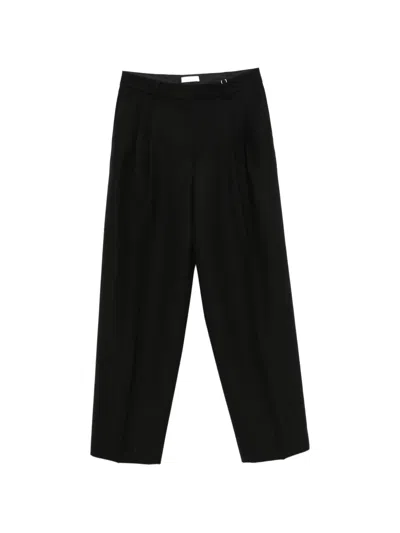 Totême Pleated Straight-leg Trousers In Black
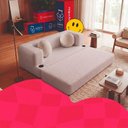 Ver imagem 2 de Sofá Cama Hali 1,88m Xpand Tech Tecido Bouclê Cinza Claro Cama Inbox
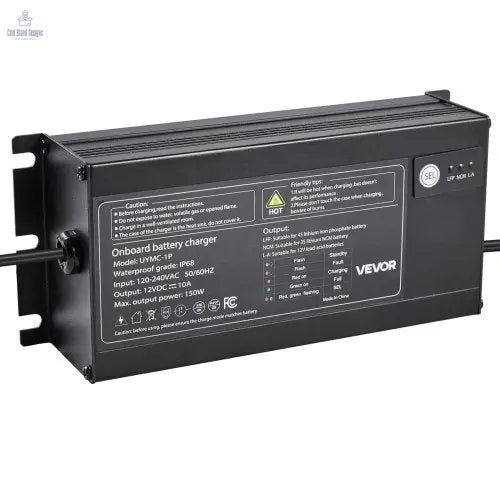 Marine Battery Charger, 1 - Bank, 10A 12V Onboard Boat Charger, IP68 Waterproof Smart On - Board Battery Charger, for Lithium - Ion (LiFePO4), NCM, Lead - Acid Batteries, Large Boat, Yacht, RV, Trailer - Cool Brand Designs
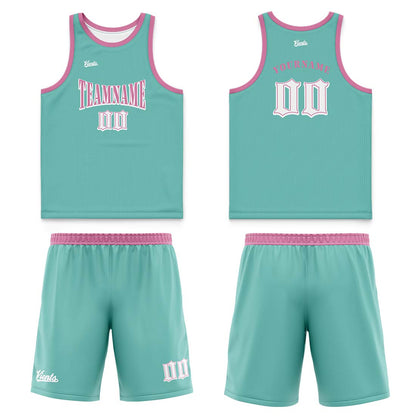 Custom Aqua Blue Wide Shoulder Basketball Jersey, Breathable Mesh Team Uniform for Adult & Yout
--------------------------------------------------
- **Exercise details**: The line containing "Ver imagem 2" marks the end; please output exactly the lines of the listing above from its first line through that line, without pictures.

- **Task result**:
 Totême Pleated Straight-leg Trousers In Black
 Ver imagem 2 de Sofá Cama Hali 1,88m Xpand Tech Tecido Bouclê Cinza Claro Cama Inbox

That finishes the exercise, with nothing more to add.